Mom & Dad on their wedding day, July 5,1941 Anne Mae EnWright Work & Lawrence Oakley Work Jr.
Happy Fathers Day to all you dads, you know who you are!
Well happy fathers day to you dad – seems like forever that I have seen you, touched you or smelled you. But, in reality you come alive to me several times everyday. Today is no exception. So hard to find that you have been gone 22 years, you would be 96 were you still here.
I can remember so clearly the day that you left. Checking on you early that morning, you were sleeping soundly and breathing peacefully. I went to make us a cup of coffee. In the midst of it brewing, while gazing out your kitchen window, I felt you pass bye.
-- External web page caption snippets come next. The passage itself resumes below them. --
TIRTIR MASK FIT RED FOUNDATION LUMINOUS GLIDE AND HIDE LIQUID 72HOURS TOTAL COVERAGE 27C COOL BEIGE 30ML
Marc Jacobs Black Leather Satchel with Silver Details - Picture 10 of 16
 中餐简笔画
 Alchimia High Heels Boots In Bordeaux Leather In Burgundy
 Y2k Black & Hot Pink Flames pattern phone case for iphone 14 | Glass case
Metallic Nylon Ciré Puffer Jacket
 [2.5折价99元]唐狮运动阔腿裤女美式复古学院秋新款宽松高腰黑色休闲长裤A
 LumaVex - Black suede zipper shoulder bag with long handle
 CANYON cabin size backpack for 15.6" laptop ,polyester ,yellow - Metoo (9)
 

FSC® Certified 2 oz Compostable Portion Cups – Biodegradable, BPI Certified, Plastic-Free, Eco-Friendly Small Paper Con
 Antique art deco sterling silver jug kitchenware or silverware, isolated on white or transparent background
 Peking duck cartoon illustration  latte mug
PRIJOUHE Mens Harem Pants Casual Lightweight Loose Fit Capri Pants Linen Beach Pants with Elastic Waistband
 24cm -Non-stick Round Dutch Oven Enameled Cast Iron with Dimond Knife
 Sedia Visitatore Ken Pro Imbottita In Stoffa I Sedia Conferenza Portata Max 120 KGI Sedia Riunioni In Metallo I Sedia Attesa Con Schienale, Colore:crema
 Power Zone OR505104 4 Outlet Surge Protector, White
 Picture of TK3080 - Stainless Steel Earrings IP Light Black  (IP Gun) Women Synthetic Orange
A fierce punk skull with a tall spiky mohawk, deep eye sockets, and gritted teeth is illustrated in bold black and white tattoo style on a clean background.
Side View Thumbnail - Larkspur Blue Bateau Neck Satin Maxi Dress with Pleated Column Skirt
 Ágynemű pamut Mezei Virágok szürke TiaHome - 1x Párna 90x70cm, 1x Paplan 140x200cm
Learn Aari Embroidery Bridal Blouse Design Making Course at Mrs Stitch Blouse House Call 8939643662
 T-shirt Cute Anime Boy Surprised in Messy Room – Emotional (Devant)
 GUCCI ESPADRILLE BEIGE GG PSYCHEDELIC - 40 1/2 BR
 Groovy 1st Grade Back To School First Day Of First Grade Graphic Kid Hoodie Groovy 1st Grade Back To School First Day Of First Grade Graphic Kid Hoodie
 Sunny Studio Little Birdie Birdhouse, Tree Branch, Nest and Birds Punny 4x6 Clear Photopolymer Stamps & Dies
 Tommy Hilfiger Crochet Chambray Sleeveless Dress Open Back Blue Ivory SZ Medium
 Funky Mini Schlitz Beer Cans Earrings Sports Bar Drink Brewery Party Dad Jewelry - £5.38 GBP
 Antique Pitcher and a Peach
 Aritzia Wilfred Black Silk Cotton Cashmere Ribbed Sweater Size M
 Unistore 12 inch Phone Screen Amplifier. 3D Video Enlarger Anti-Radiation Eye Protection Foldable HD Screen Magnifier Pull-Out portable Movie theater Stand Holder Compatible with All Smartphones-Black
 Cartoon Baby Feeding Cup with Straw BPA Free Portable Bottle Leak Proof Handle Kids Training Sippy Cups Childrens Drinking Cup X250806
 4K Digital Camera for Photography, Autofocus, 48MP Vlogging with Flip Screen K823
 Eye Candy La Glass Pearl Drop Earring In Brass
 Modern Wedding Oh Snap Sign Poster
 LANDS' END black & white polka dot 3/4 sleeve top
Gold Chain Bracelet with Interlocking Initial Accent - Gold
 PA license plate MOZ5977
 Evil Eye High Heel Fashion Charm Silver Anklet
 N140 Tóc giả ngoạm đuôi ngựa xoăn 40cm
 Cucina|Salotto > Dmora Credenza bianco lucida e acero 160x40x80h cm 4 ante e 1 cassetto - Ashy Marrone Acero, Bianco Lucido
I went back to your room, you had a far off stare, now sleeping peacefully but not breathing. I knowingly searched for an unfelt pulse, realizing that once again I would not find what I was looking for. I put my head on your chest and heard nothing but the solitary echo of my own heart. It was a loud and solitary beat. I savored the moment, once more finding myself somewhere I was not ready to be. I had a lot of growing up to in what felt like much too short a time.
I told mom you were gone, we cried together on your bed, tears falling on the bed covers, mixing with your smell. I called the funeral home and finished brewing coffee for one. I went outside for a walk pondering the change. Trying hard to put on clothing that felt too large a size for me.
I rounded a corner to witness your best friend and neighbor lowering his flag to half mast. My worry came down along with the flag. I walked back to your home my vision sharp through the blur of unending tears.
I have tried to fill your shoes even though your were an eleven and I a nine. As always, I found myself two bricks shy of a load. I know that I could never totally fill your shoes, but now mine fit me just fine.